What surprised me most about “Everyone’s Hero” was the final credits. I went into this movie knowing nothing about the film. I was more than a little surprised to see that Christopher Reeve directed the movie and produced it. His wife Dana Reeve also produced it and was the voice of Yankee’s mom. It turns out this was the project they were working on when he died. The rest of the credits were also a surprise. Some of the voices I could identify immediately like Brian Dennehy, Richard Kind, and William H. Macy. Others like Whoopi Goldberg, Rob Reiner, and Forest Whitaker were a little harder to spot. But strangest of all was the fact that Robin Williams was uncredited in the film. I don’t know why he didn’t want credit considering he and Reeve were friends, but his name is nowhere to be seen in the credits despite having a very distinctive voice. Anyway, it was cool to see so much talent behind what was obviously Christopher Reeve’s dream project.
Besides the great voice cast, “Everyone’s Hero” has some nice animation. While there’s nothing groundbreaking about it, the things I strangely noticed most were the backgrounds. They looked like 2-D paintings thrown into a 3-D world. It was an interesting artistic effect that gave the film a unique look. The action scenes are also particularly well animated. A chase scene that takes place across two trains was quite exciting and well choreographed.
“Everyone’s Hero” is an interesting sports film for kids. I took my 4 ½ year old boy and 7 ½ year old daughter and both of them enjoyed it. I would have thought they’d be bored by a film set in the 1930’s that highlights Babe Ruth, the World Series, the Negro League, and other sports fixtures. Quite the opposite was true. While they haven’t been quoting baseball stats, they have been quoting “My head! My butt” a week later.
What Didn’t Work:
“Everyone’s Hero”‘s biggest problem is that it is utterly predictable. You can guess what’s going to happen with very little effort. It’s even easier to guess the plot if you’ve seen the commercials. Unfortunately, the one unpredictable portion of the story, the ending, also happens to be a major weak point. I can’t discuss it here without getting into spoilers, but it didn’t fit the otherwise realistic yet dreamlike feel of the movie (well, as realistic as a film about a talking ball and bat can be).

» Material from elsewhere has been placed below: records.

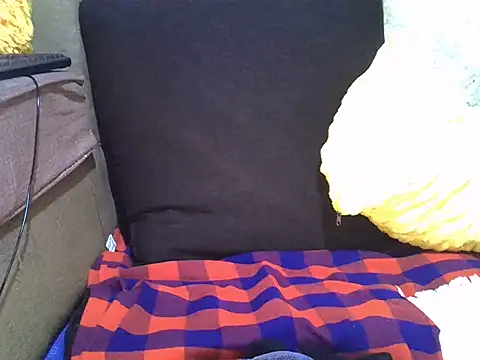 Soft gal12 online show from October 2025 08:04:01 PM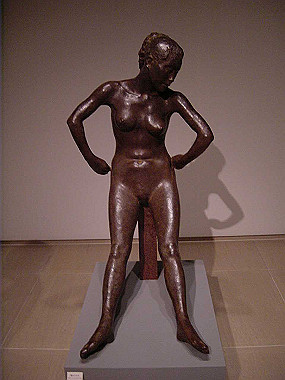20020915_610_thumb.jpg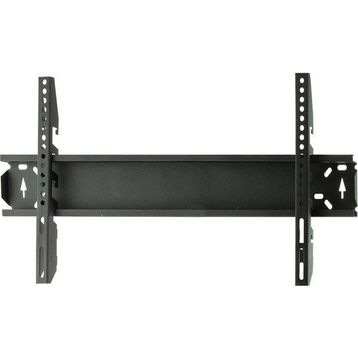 Powermaster PWR-42S 37-55 inç Sabit Lcd Askı Aparatı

“Everyone’s Hero” also attempts to elevate Babe Ruth to sainthood. Not since “Lilo & Stitch” made Elvis into a wholesome childhood hero has a kid’s film so blatantly attempted to rewrite history. This movie deftly sidesteps Ruth’s alcoholism, profanities, and woman chasing and makes him seem like Mister Rogers.
This movie is also set in the 1930’s, yet it relies on modern pop music in the soundtrack. It didn’t really fit the movie well and some period music would have felt a lot more natural. There are a number of other anachronisms in the movie, too.
The Bottom Line:
Kids will enjoy “Everyone’s Hero”. Adults will probably enjoy it, too, but find it forgettable just like many of the other computer animated films this year.